■ **Work order**
With the exception of the pictures, write out the data below precisely.

• • • • • • •

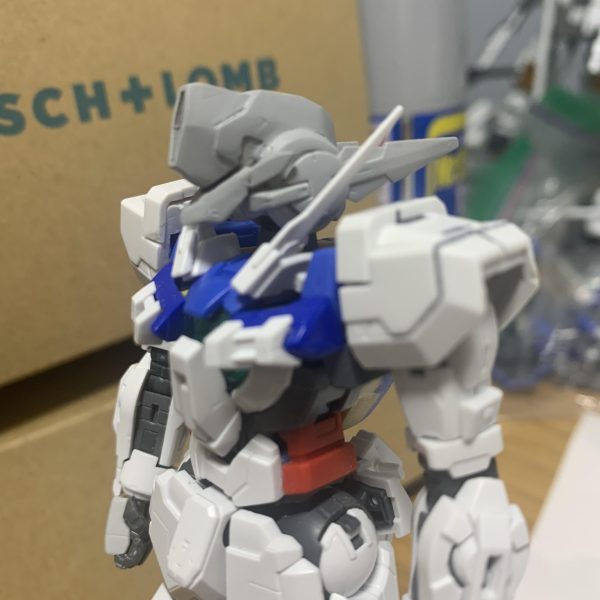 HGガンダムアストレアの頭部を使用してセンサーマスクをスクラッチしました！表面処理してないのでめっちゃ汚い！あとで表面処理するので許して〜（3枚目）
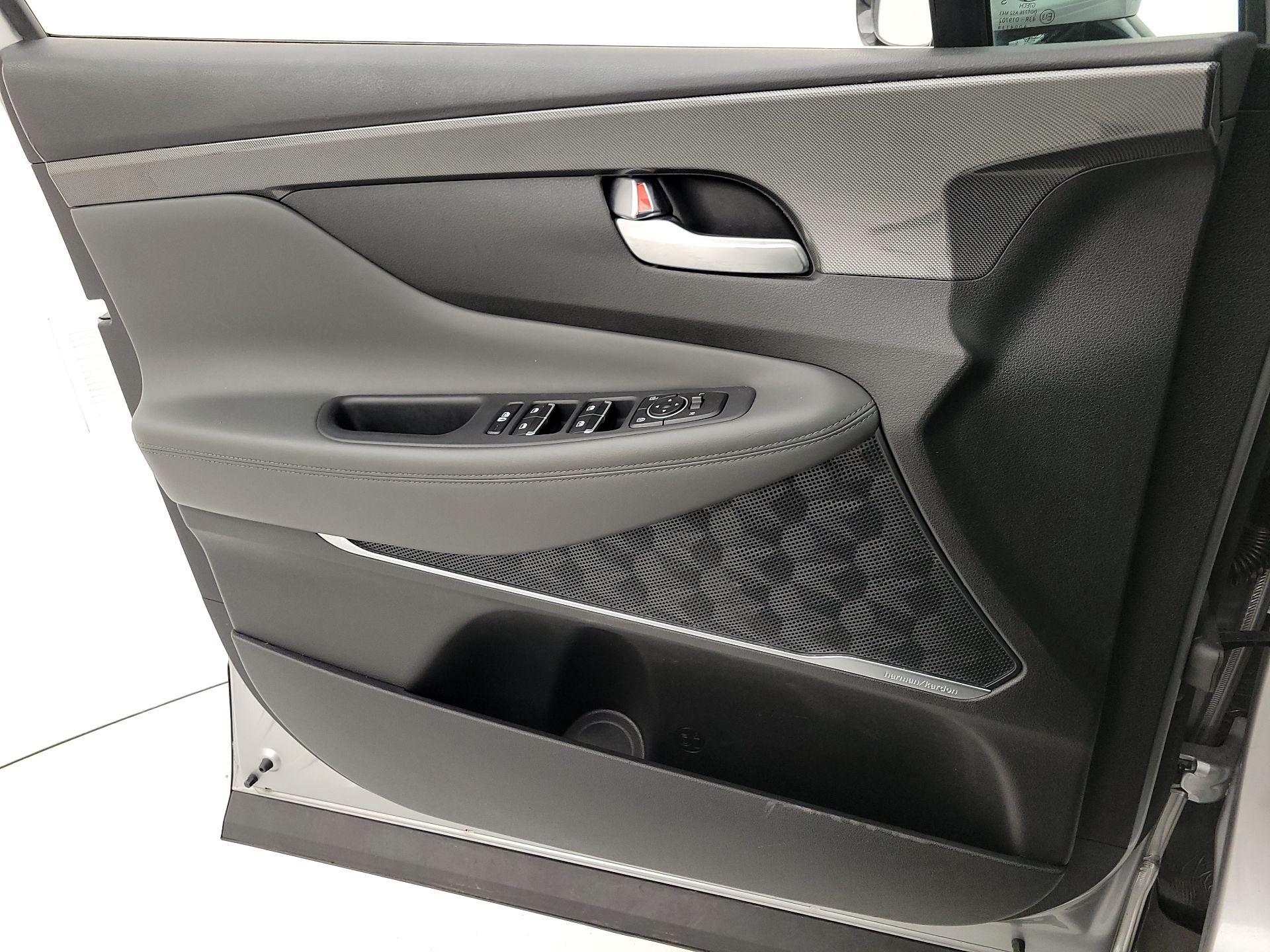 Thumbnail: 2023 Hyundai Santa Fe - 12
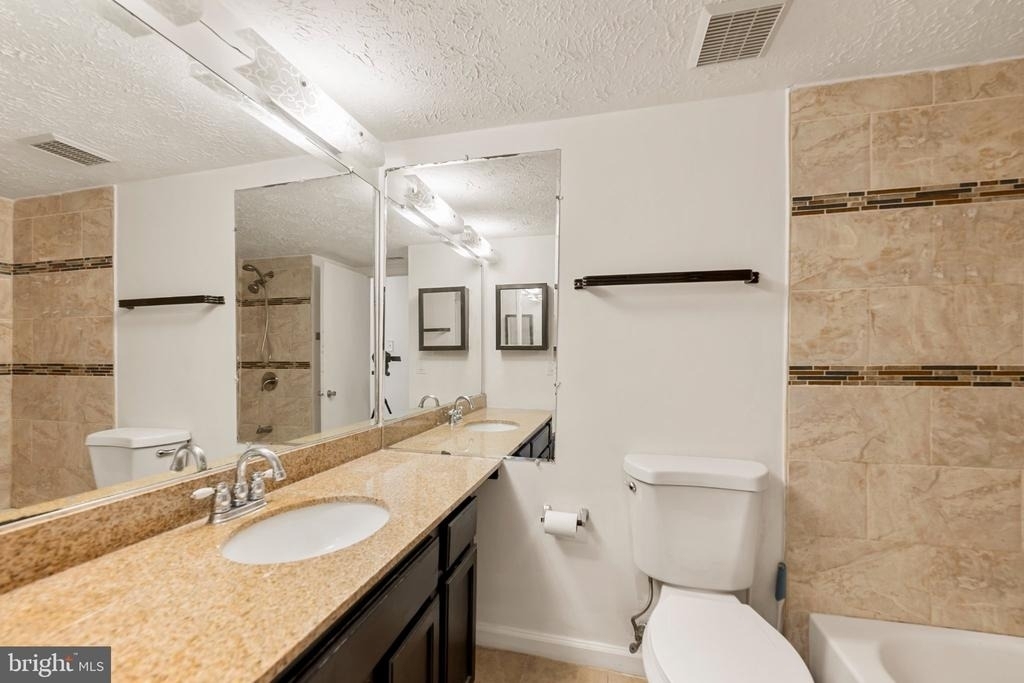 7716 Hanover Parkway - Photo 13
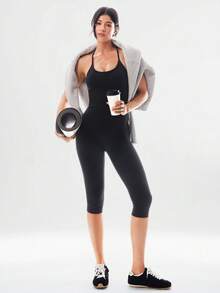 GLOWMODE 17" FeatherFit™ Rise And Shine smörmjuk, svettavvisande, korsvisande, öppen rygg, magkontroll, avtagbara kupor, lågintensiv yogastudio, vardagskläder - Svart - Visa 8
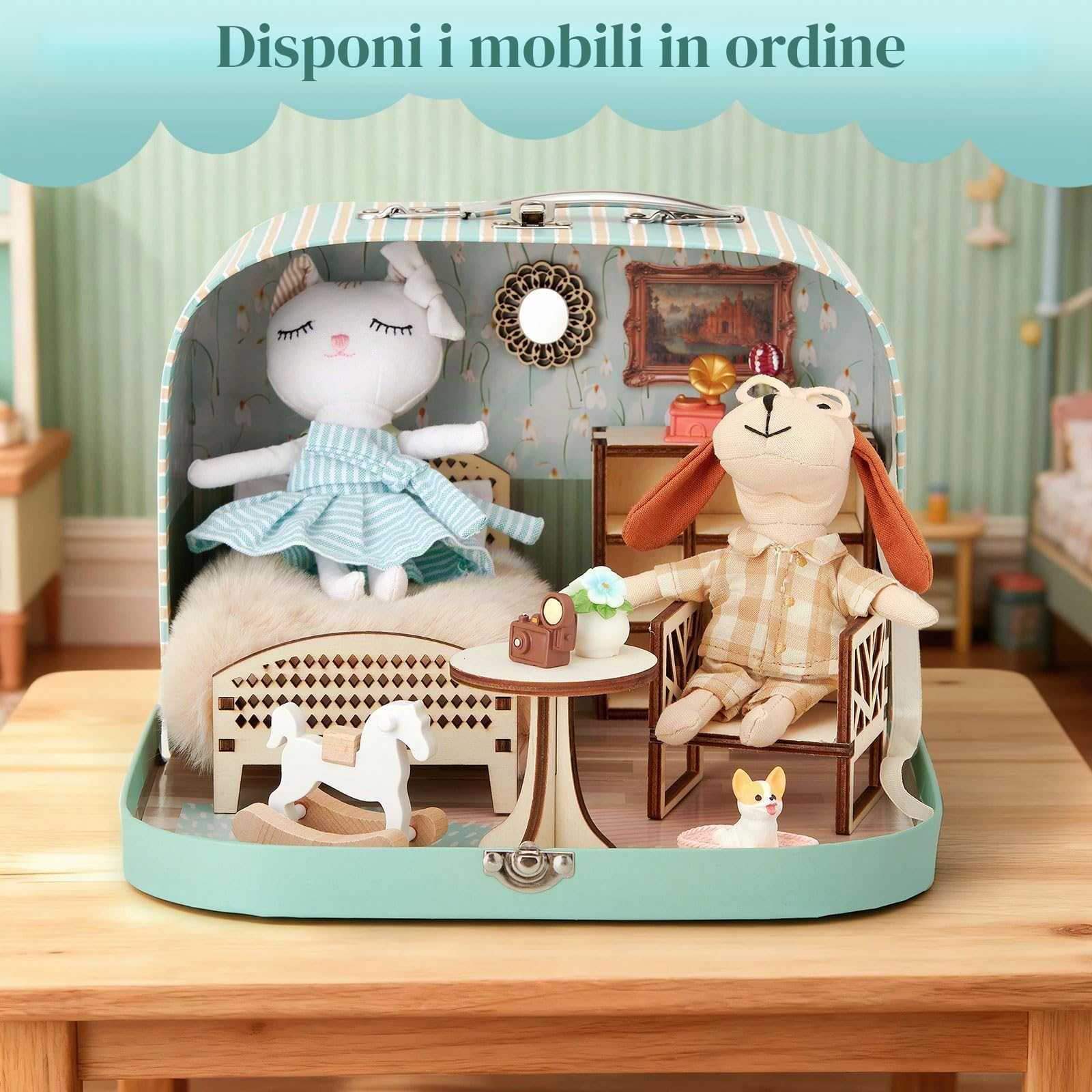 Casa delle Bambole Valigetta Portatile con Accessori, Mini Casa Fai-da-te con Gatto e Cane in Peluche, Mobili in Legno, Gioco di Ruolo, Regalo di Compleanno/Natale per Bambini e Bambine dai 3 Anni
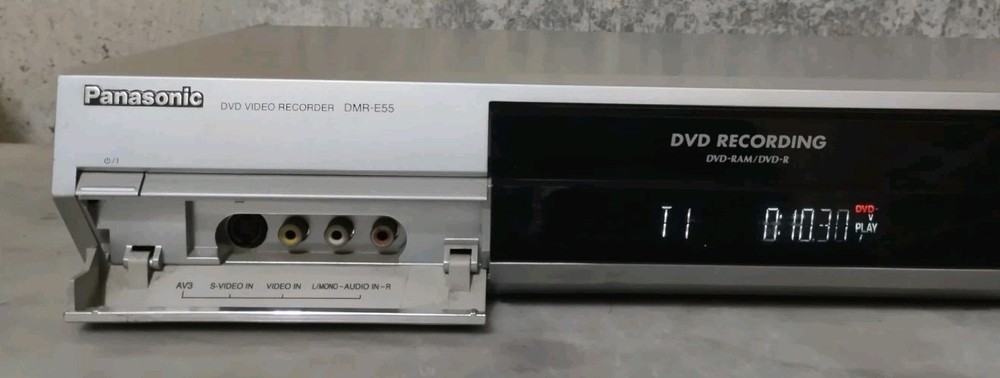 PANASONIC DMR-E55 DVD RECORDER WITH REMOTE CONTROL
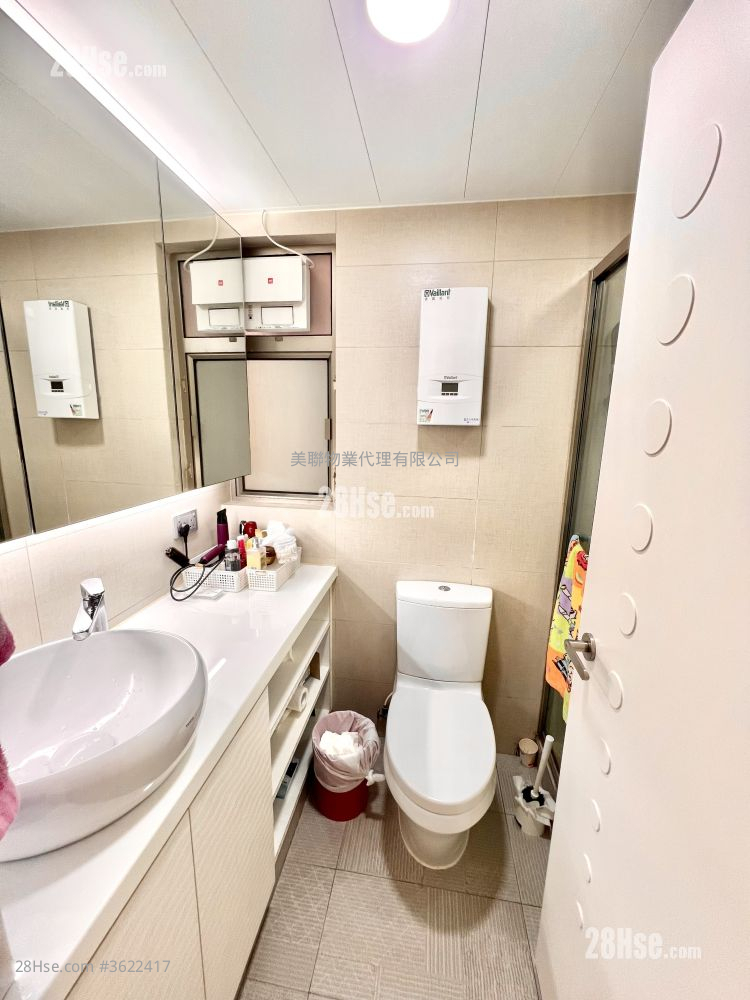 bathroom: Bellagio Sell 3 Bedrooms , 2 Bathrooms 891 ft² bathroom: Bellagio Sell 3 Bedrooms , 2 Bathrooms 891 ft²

• • • • • • •

■ **Reply to the exercise**
 HGガンダムアストレアの頭部を使用してセンサーマスクをスクラッチしました！表面処理してないのでめっちゃ汚い！あとで表面処理するので許して〜（3枚目）
 Thumbnail: 2023 Hyundai Santa Fe - 12
 7716 Hanover Parkway - Photo 13
 GLOWMODE 17" FeatherFit™ Rise And Shine smörmjuk, svettavvisande, korsvisande, öppen rygg, magkontroll, avtagbara kupor, lågintensiv yogastudio, vardagskläder - Svart - Visa 8
 Casa delle Bambole Valigetta Portatile con Accessori, Mini Casa Fai-da-te con Gatto e Cane in Peluche, Mobili in Legno, Gioco di Ruolo, Regalo di Compleanno/Natale per Bambini e Bambine dai 3 Anni
 PANASONIC DMR-E55 DVD RECORDER WITH REMOTE CONTROL
 bathroom: Bellagio Sell 3 Bedrooms , 2 Bathrooms 891 ft² bathroom: Bellagio Sell 3 Bedrooms , 2 Bathrooms 891 ft²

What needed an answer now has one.